Passée la célèbre introduction à la basse d’ « Orange Duck », le ton est donné. KIEMSA, cuvée 2006, a la rage. Cuivres et guitares se déchaînent, Martin ne ménage pas ses cordes vocales. Les influences metalliques naissantes sur l’album précédent occupent maintenant une place de choix. L’apogée de cette démarche est atteinte sur « Spectre ». Le gentil ska sautillant est écrasé sous un mur de saturation et les cuivres relégués au second plan. Maîtrisant parfaitement les ficelles du genre, le groupe joue du contraste guitares puissantes/clavier mélodique et innocent. Martin n’en a pas oublié pour autant de se creuser les méninges pour nous écrire un excellent texte, histoire originale et intrigante.
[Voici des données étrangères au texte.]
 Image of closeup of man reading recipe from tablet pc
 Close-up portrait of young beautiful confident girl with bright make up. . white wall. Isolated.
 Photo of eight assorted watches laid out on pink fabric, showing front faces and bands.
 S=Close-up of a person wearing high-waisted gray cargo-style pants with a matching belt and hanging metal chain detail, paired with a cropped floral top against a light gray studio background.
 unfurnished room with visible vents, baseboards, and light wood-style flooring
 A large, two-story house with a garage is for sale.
Nous pouvons élargir cette dernière remarque à l’ensemble de l’album. Une fois de plus, les textes sont un des nombreux points forts de celui-ci. On voit ainsi, entre autres, l’apparition du croustillant personnage d’Orange Duck, alcoolique notoire, qui fera un retour fracassant en 2009 (« Délices »). Toujours politiquement et socialement engagé, KIEMSA n’oublie pas de nous servir son lot de chansons revendicatrices, toujours aussi justes et bien senties (« Armada », « Mass media », « Faut consommer », « Kiemsa sucks »).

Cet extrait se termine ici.